1

I'm working with a system that returns a GZIP string (not a binary or stream) in its response. For example, gzip:H4sIAAAAAAAAALS9665wyXEd9i7zm21U37vnVwwZAREEAZJYgBEjMKq6uiVLNimQlBDRyLtnrX3GD+ACIlEDznyaffbpXV21Vl1W/bdf/vKv/3R/+fWXf/4n17/cX373y/l7/cPfXf+3f/nl1zxWrmW2Vfeev/vlL/p3f/7l1//4f//uF7vvj3+6f/unP/zy63/75T/9p//+CPz97375F/0v//zb3/2q/1X/+sc... (had to omit the full string as its very long) . I'm able to verify its GZIP compressed since tools such as https://www.multiutil.com/gzip-to-text-decompress/ are returning the expected uncompressed string.

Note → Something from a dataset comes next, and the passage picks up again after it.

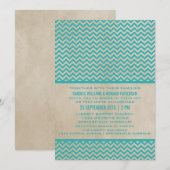 Blauwgroen Chic Chevron Wedding Invite Kaart (Voorkant / Achterkant)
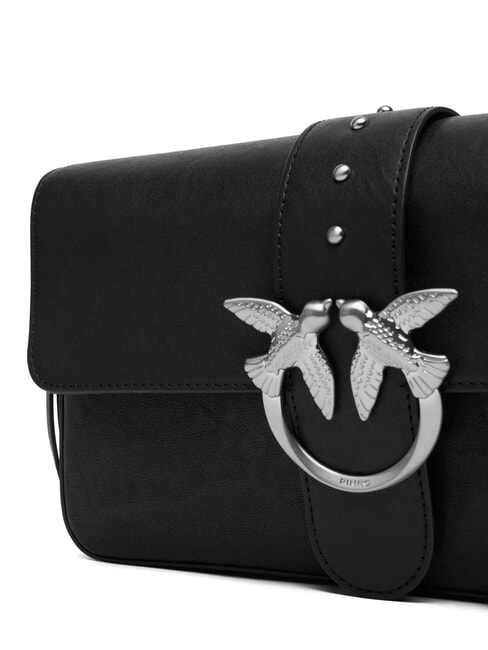 LOVE ONE Geantă de umăr din piele limuzină neagră - argintiu mat - Genți femei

However I'm stuck trying to find a way to handle this string in Java.

I've tried

final GZIPInputStream gzipInput = new GZIPInputStream(new ByteArrayInputStream(compressedString.getBytes()));

but this line is throwing java.util.zip.ZipException: Not in GZIP format.

I've searched around here but the similar posts are regarding when GZIP is in a http response and can be read from the stream. In my case, my GZIP data is already given to me as a string.

Any pointers would be greatly appreciated, thank you.

SW Williams
  • 559
  • 1
  • 5
  • 18
  • 2
    I could be wrong, but isn't that a base64 encoded string? Then you'd have to base64 decode it. – ewokx Apr 13 '23 at 04:31
  • Sorry bad example, the actual string is very long so I just used the same tool I used to decompress the string to encode "Hello World", but apparently it also Base64 encodes it. I edited my post to include part of the actual GZIP string – SW Williams Apr 13 '23 at 04:41
  • Turns out my original string was indeed base64 encoded. The prefix threw me off. Thanks for the help! – SW Williams Apr 13 '23 at 05:34

1 Answers1

4

This:

H4sIAAAAAAAACvNIzcnJVwjPL8pJAQBWsRdKCwAAAA==

Is Base64. Which is an encoding that lets you put bytes in character form, such that the characters survive just about any and all text-only mediums.

It is extremely inefficient, inflating the size of your data: Every 3 bytes requires 4 characters here (so, at least 4 bytes in transfer).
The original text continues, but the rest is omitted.